Note: The SQSThreadSafeIssue class requires Java 8 or higher along with the following libraries to compile and run. It uses the latest version of the Amazon AWS Java SDK 1.11.278 available from AWS (although not in mvnrepository.com yet):

Understanding the Problem
Now that we see messages are taking 20 seconds (the long polling time) to be deleted, the large number of messages in-flight makes total sense. If the messages are taking 20 seconds to be deleted, what we are seeing is the total number of in-flight messages over the last 20 second window waiting to be deleted, which is not a ‘true measure’ of in-flight messages actually being processed. The more threads you add, say 100-200, the more easily the issue becomes to reproduce. What’s especially interesting is that the polling threads don’t seem to be blocking each other. For example, if 50 messages come in at once and there are 100 threads available, then all 50 messages get read immediately, while not a single deleteMessage() is allowed through.

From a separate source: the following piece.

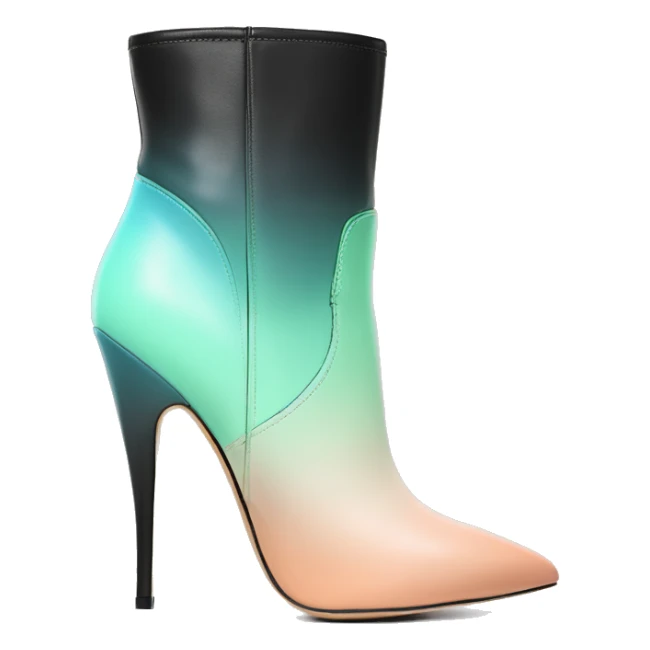 Real isolated top front view of a pair of black,peach,pastel green,pastel blue ombre Guess Jeans brand stiletto high heel ankle bootie boots sticker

So where does the Problem lie? That’s easy. Despite being advertised as @ThreadSafe in the API documentation, the AmazonSQS client is certainly not thread-safe and appears to have a maximum number of connections available. While I imagine this doesn’t come up often when using the default short-polling, it is not difficult to reproduce this problem when long-polling is enabled in a multi-threaded environment.

Finding a Solution
The solution? Oh, that’s trivial. So trivial, I was tempted to leave as an exercise to the reader! But since I’m hoping AWS developers will read article and fully understand the bug, so they can apply a patch, here goes….

You just need to create two AmazonSQS instances in the constructor of SQSThreadSafeIssue, one for reading (Line 21) and one for deleting (Line 26). Once you have two distinct clients, the deletes all happen within a few milliseconds. Once applied to the original project I was working on, the number of in-flight messages dropped significantly to a number that was far more expected.

Although this work-around fix is easy to apply, it should not be necessary, aka you should be able to reuse the same client. In fact, AWS documentation often encourages you to do so. The fact that the Amazon SQS client is not thread-safe when long polling is enabled is a very serious issue, one I’m hoping AWS will resolve in a timely manner!